For very large nginx configs you may need to add this option when using the --nginx plug-in as authenticator:
--nginx-sleep-seconds NGINX_SLEEP_SECONDS
Number of seconds to wait for nginx configuration
changes to apply when reloading. (default: 1)
Increasing this may help with the 404 errors. The 500 error would need more info to research
The --nginx plug-in requires nginx to be reloaded by the plug-in. Using the --webroot method uses the existing running nginx as is so avoids that. But, it works differently and may be a significant change at this stage of your system. Try the longer sleep seconds first
thanks for suggesting that. i've try the --nginx-sleep-second=30 previously, the result is still inconsistent (at some time it works, the other wasn't). i think i should figure out the number
There are a handful of performance issues that arise from large amounts of vhosts.
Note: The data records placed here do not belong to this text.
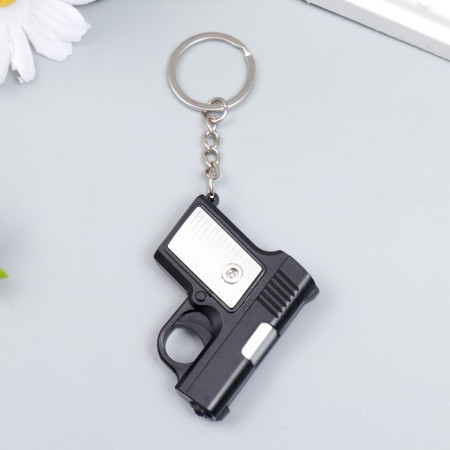 Flashlight light on the ring "Pistol" mix-1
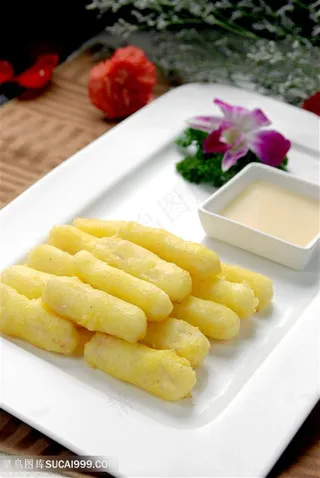 脆皮豆腐的美食图片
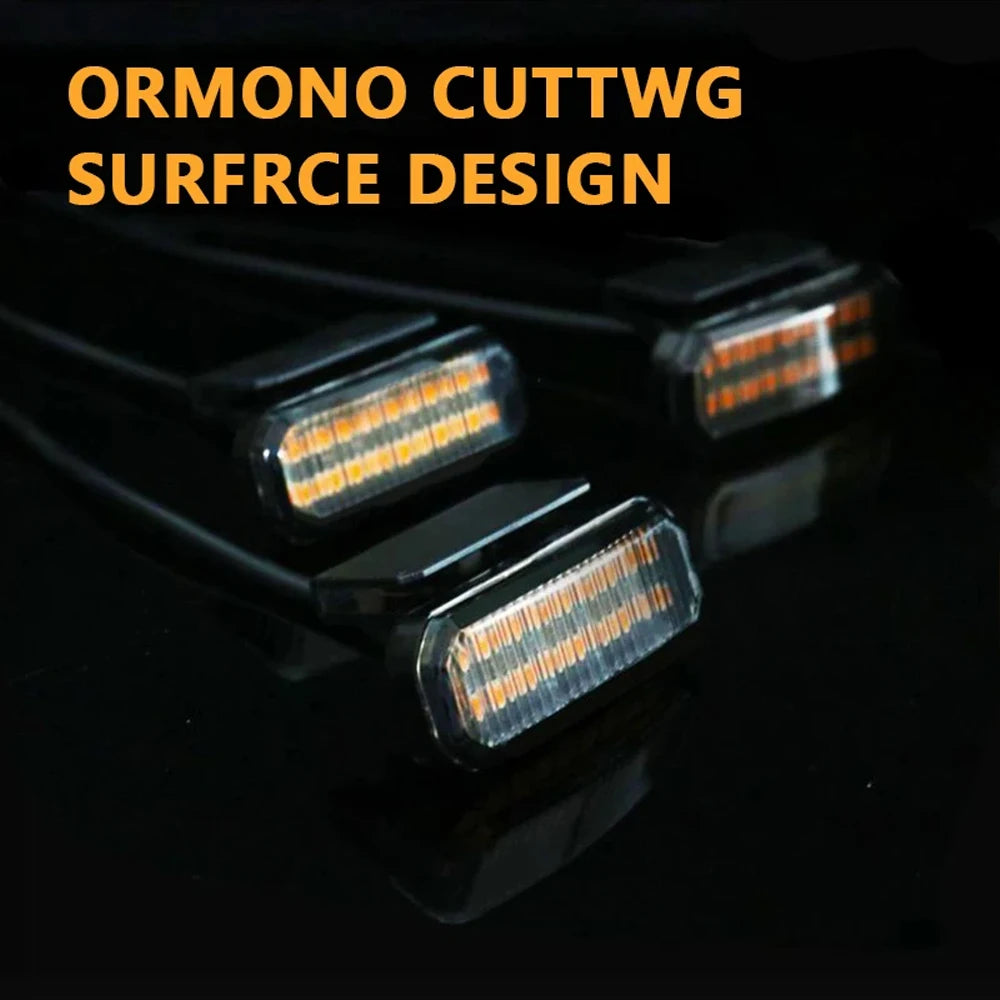 For Pickup Offroad 12V Front Grille Model Daytime Running Wheel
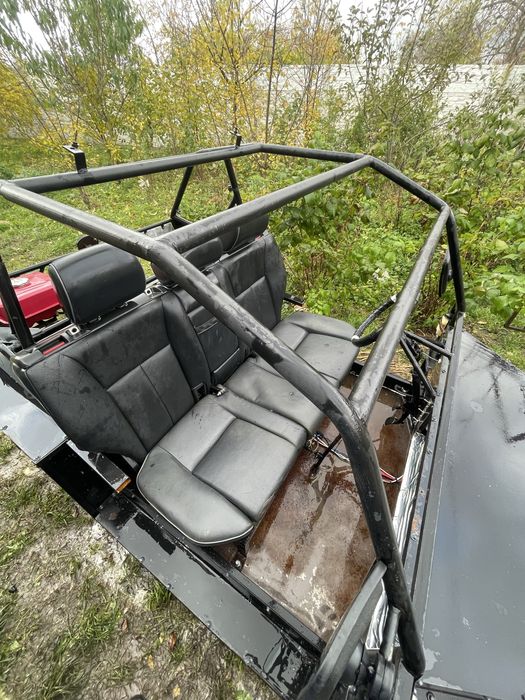 Баггі на ходу варіатор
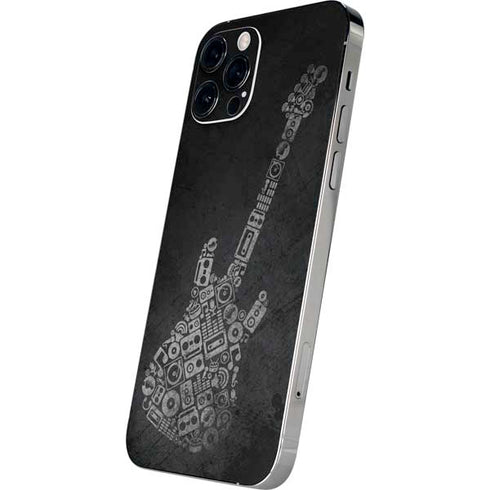 Guitar Pattern iPhone 12 Pro Max Skin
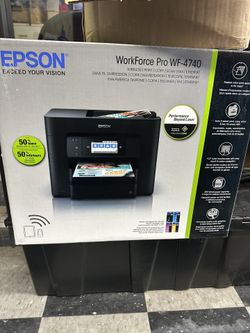 Printer EPSON WORKFORCE PRO WF-4740 NEW SEALD 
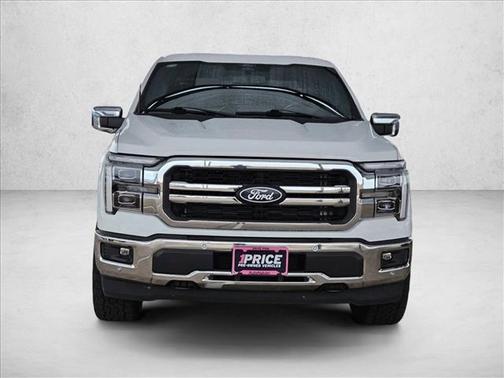 Oxford White 2025 Ford F-150 Lariat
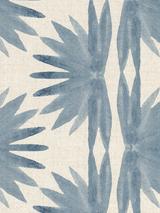 John Lewis Nyra Wallpaper, Lake Blue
Large hosting companies/installations typically do not use Certbot webserver plugins or even use Certbot at all, and instead use either an in-house solution or an application/library designed for large numbers of users.
There are a handful of ways you can workaround performance issues for use cases like yours. The first two things I can think of:
Try to use as many certificates as possible. LetsEncrypt will issue a Certificate with up to 100 names, but you should bundle as few domains as possible into a Certificate. This will avoid issues with pending authorizations that are not cleaned up during a failed order. If you are trying to get a certificate with 100 domains and the challenge fails on the first domain, there are 99 pending challenges that must be cleaned up (verified, failed or deleted) and there is a rate limit of 300. This is a common cause of accounts getting stuck. I think Certbot versions after a certain point avoid this, but I believe older versions do not and many other clients do not handle this at all.
As you guessed, Certbot needs to parse the nginx config files which can take quite a lot of time and memory as vhosts increase. If possible, don't use the nginx plugin and instead use Standalone (Certbot can run on a higher port, and nginx proxies port 80 traffic onto it to complete challenges) or Webroot. Structure your nginx vhosts to expect the SSL Certificates in an expected place. Use shared macros/includes for the nginx configuration.
Certbot's apache/nginx plugins are designed for very basic use cases. If you have hundreds of domains, you really aren't the target audience for them.